8-1. 従業員が控除証明書等を電子データで取得する
従来は保険会社などから書面で交付された控除証明書を添付して提出していましたが、年末調整を電子化する場合、これらの書類を電子データとして受け取る必要があります。控除証明書のデータ化自体は、発行元(保険会社や証券会社、自治体など)が専用のソフトを使用して作成するため、従業員は電子データ提供の申請をおこなうだけで問題ありません。
控除証明書データの取得方法は保険会社などによって異なります。マイナポータル連携に対応している場合はマイナポータルから、それ以外の場合は保険会社の公式ホームページ(マイページなど)から取得することができます。このように、電子データの証明書類の取得方法は、保険会社などによって異なるので事前に確認が必要です。
8-2. 取得した電子データを申告書に添付する
「年末調整控除申告書作成用ソフトウェア(年調ソフト)」などのシステムに取得データを取り込み、年末調整申告書を作成します。年調ソフトでは、取得した電子データを添付するほかに、従業員の基本情報(氏名や住所等)、給与支払者(勤務先)の基本情報(名称や所在地など)といった情報を入力します。マイナポータルと連携している保険会社などからデータを入手する場合、控除申告書の作成手順の中で取得することが可能です。

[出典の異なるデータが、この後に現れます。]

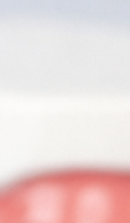 성인 돌출입 교정, 발치 없이도 변화가 가능할까? 관련 이미지 31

すべての手続きが完了したら、作成した申告書のデータを電子メールなどに添付して提出します。なお、システム上で提出できる年末調整ソフトもあります。このように、年末調整の作成データの提出方法は使用するシステムによって異なるので、あらかじめ従業員にきちんと周知しておきましょう。
8-3. 年末調整のデータを国税庁に提出する
従業員から受け取った年末調整のデータを確認し、必要に応じて、修正や変更をおこないます。差し戻しが必要になることもあるかもしれません。問題がなければ、年税額の計算などの年末調整手続きを進め、法定調書を作成してオンライン上で提出しましょう。
9. 年末調整電子化のQ&A
ここからは、年末調整の電子化に関してよくある質問について解説していきます。
9-1. 年末調整の電子化にマイナンバーカードは不要?
年末調整の電子化において、「マイナポータル」でマイナンバーカードの連携や電子データの取り込みを利用すると、添付書類が不要になります。「扶養控除等申告書」におけるマイナンバーの有無は、国税庁のサイトにて以下のように説明されています。
扶養控除等申告書には、従業員本人、控除対象となる配偶者及び控除対象扶養親族等のマイナンバー(個人番号)の記載が必要です。なお、平成29年1月1日以後に支払を受けるべき給与等に係る扶養控除等申告書については、給与支払者が従業員等のマイナンバー(個人番号)等を記載した一定の帳簿を備えている場合には、その帳簿に記載されている方のマイナンバー(個人番号)の記載を要しないものとされました。
他にも「給与所得者の保険料控除申告書」や「給与所得者の(特定増改築等)住宅借入金等特別控除申告書」は、平成28年4月1日以後に提出する場合、マイナンバーの記載は不要とされています。一方「給与所得者の配偶者控除等申告書」「所得金額調整控除申告書」に関しては、従業員本人のマイナンバーの記載は不要であるものの、配偶者のマイナンバーの記載が必要となります。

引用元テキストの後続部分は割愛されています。